We then took off to Salerno, a modest (and frankly, slightly boring) coastal town about 40 minutes by train from Naples. We stayed at a hotel opposite the train station that breathed classical Southern Italian style, with personnel that takes your luggage into your room for you, soft carpet on the floor and extremely helpful receptionists. In Salerno, we had a simple but great lunch at a place called ‘Pizza Margharita’ (how original!). You can tell a good Italian restaurant when you see old ladies all dressed up, eating pasta with their granddaughters and entire families celebrating something with plates and plates of seafood and pasta… We then took the local train to Paestum, where we visited the museum with its impressive Etruscan remains and of course the glorious site of Paestum, the best preserved colony of Magna Graecia (the Greek colonization of Southern Italy). We concluded this absolutely wonderful day with a meal at Spunzillo by the seaside (if you ever go there, better make reservations – we arrived right before all hell seemed to break loose, customer-wise). We tried Salerno’s specialties; fresh seafood: I had risotto pescatoro and cassuola di mare (sea casserole).

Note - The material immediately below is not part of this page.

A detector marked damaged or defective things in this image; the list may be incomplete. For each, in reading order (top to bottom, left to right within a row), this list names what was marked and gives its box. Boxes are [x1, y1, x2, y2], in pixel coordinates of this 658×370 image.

The impressive temples at Paestum

The next day we set out to our most Southern destination: Taranto. Hotel Arcangelo, where we stayed, was excellent with a funny overly friendly receptionist and a lovely breakfast – they even upgraded our room. The poverty in this little fisherman’s town, once a glorious Spartan colony, was also very striking – as soon as we got there we were asked for money by a random passerby on the street (who wasn’t even actively begging but just happened to notice us and give it a try). We spent our first day visiting the stunning archaeological museum – an absolute must see – and sipping spritz on a sunny seaside terrace in a fancy chocolate/ice cream bar. The next day we went to the beach, where we were laughed at for being really white by bronzed Italians and experienced the social consequences of a car accident in Italy firsthand from the bus. The food was like the town: simple but glorious. We had dinner at Trattoria da Ugo, a fisherman’s restaurant that serves whatever the sea has offered that very day. So that night, we had mussels and squid, prepared with only a little parsley and lemon juice – fantastic. Just about everything at the trattoria cost 3 euros: the antipasto, the main course, the liter of wine… we paid 28 euros (and still had the impression they’d charged us too much) and left the place completely stuffed.

Narrow streets and faded glory at Taranto

From Taranto we took the high speed train to Ravenna – all the way up at the shore side, a scenic view. The hotel, called Astoria, was not exactly the best we had all trip due to a noisy and malfunctioning air conditioning throughout quite a humid night. We explored the town a little upon arriving there and then sought out a good restaurant. We picked out La Gardela and were not disappointed. We tasted some excellent regional specialties like Squacquerone cheese, a very rich and creamy variation of mozzarella and I had risotto with bitter radicchio and sangiovese wine (oh great heavens!). Even though we were accustomed to Italian goodness by now, we enjoyed every bite of our dinner and had a bottle of local Prosecco to celebrate life in general and our very recent engagement in particular. The next day, we visited Ravenna’s great touristic sights: all the monuments from the glorious Byzantine era, like the mausoleum of Galla Placidia, the Basilica di San Vitale, the Basilica di Sant’Apollinaire Nuovo… Ravenna struck us as a quaint, cozy little town, quite like Salamanca in Spain or Leuven in Belgium, completely different from the laid-back southern style at Taranto. There were also some great shopping opportunities. In the early evening, we took the train to Faenza, where we met up with a friend who’s studied abroad in Italy, fell in love with the country and is half Italian by now, still going there for excavations and his archaeological research. We had aperitif (spritz, what else?) at Faenza and then he took us through the mountains to the quiet town of Brisighella, where he’d once been to a good restaurant. The restaurant was an absolute culmination of our Italian adventure, with an abundance of local specialties. Actually, even the word abundance is a complete understatement – the Italian family next to us had ordered two full meals for every three persons (smart, I must say so) and at one point we had fears of not being able to drive back just because we were too full… A merry evening indeed. I had the full vegetarian menu which was equally abundant but a little less heavy and showed once again how delicious cooking with vegetables can be – and the seemingly effortless Italian mastery of the vegetarian kitchen.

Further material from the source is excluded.